GIs Favorite Disc Jockey






  Iva Toguri Joins the Chorus of Tokyo Roses

 

 



If Major Cousens could have read American newspapers, he would not have fretted about subverting the Japanese propaganda message. In the South Pacific, the several females Allied troops called “Tokyo Rose” were inadvertently foiling their own propaganda messages. A front-page story in the New Castle, Pennsylvania, News on September 17, 1943, ran an article that said Tokyo Rose was so uninformed in her war news announcements that she was actually boosting morale.

Major John Canavan from Dorchester, Massachusetts, and recently returned from Guadalcanal, said that “Rose” could not get her story straight: “She was so wrong that the boys were vastly entertained. They began to look forward to her broadcasts for the laughs.” In the October 5, 1943, Charleston Gazette troops complained about scratchy, out-of-date records. Said one GI who had enjoyed Rose’s broadcasts, “She’s beginning to droop.” These comments were documented more than a month before Toguri’s first broadcast.  On November 13, 1943, Orphan Ann added her voice to the Tokyo Rose chorus.

Typically, Toguri would introduce her music with some teasing remarks that Cousens hoped would entertain Allied troops. “Hello there, Enemies! How’s tricks? This is Ann of Radio Tokyo, and we’re just going to begin our regular program of music, news, and The Zero Hour for our friends—I mean, our enemies! —in Australia and the South Pacific. So be on your guard, and mind the children don’t hear! All set? OK! Here’s the first blow to your morale—the Boston Pops playing ‘Strike Up the Band!” One of Orphan Ann’s ploys was to use the term “boneheads” when referring to Allied troops. Cousens told Ann that this was a teasing term used among troops in jocular conversations. Japanese censors had no way of knowing that the insulting-sounding word was actually Australian slang for “buddy.”

By the time Toguri began her broadcasts on Radio Tokyo the tide of the war had shifted towards the Allies. On May 7 and 8, 1942, the American Navy fought the Japanese to a standstill in the Battle of the Coral Sea. In early June, Japan and the United States fought one of history’s great naval battles—Midway. For three days, six months after the Japanese attack on Pearl Harbor,  two great armadas battled for control of the Central Pacific.  Fighting was fierce with neither side able to gain an advantage. The conflict swung the American way when two squadrons of American torpedo planes attacked the Japanese carrier force. Faulty torpedoes that would not detonate and lack of fighter support doomed the torpedo squadrons. Out of thirty American planes, only one survived.  But the Japanese were unable to get their carrier planes properly armed to defend against next attack. A wave of American dive bombers struck with devastating accuracy. Four aircraft carriers and one heavy cruiser were destroyed. It was a death blow to the Japanese navy.

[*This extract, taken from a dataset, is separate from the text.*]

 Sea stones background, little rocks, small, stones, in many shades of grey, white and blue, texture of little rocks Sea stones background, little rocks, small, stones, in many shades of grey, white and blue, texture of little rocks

Inexorably Allied forces island-hopped their way to their primary objective—the island of Saipan. From Saipan Japan was vulnerable to bomber attacks. In February 1943, after six months of fierce fighting, U. S. Marines secured Guadalcanal and its strategic airfield. While Marines battled eastward, Allied submarines decimated Japanese supply lines. Radio propaganda broadcasts that might have demoralized a losing side came across as a charade to victorious Allied troops.

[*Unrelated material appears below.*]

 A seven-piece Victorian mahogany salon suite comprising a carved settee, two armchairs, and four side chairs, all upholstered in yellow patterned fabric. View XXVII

The August 2, 1944, Port Arthur News reported that Marines on Saipan favored Tokyo Rose over Bing Crosby although they felt slighted because they were not included in her “bonehead” list of Allied troops. The Cumberland Evening Times, on October 3, 1944, printed the banner headline “Tokyo Rose Broadcast Brings Hearty Laughs from Marines.” The article featured a letter written from Saipan from Pfc. Fred Theis to his parents.  “We like her music, and her attempts to make us homesick are funny.... Her broadcasts raise our morale.... Her inaccurate battle reports are a real laugh…. She said 50-60 planes raided Saipan about a week after we threw back their last desperate attack.”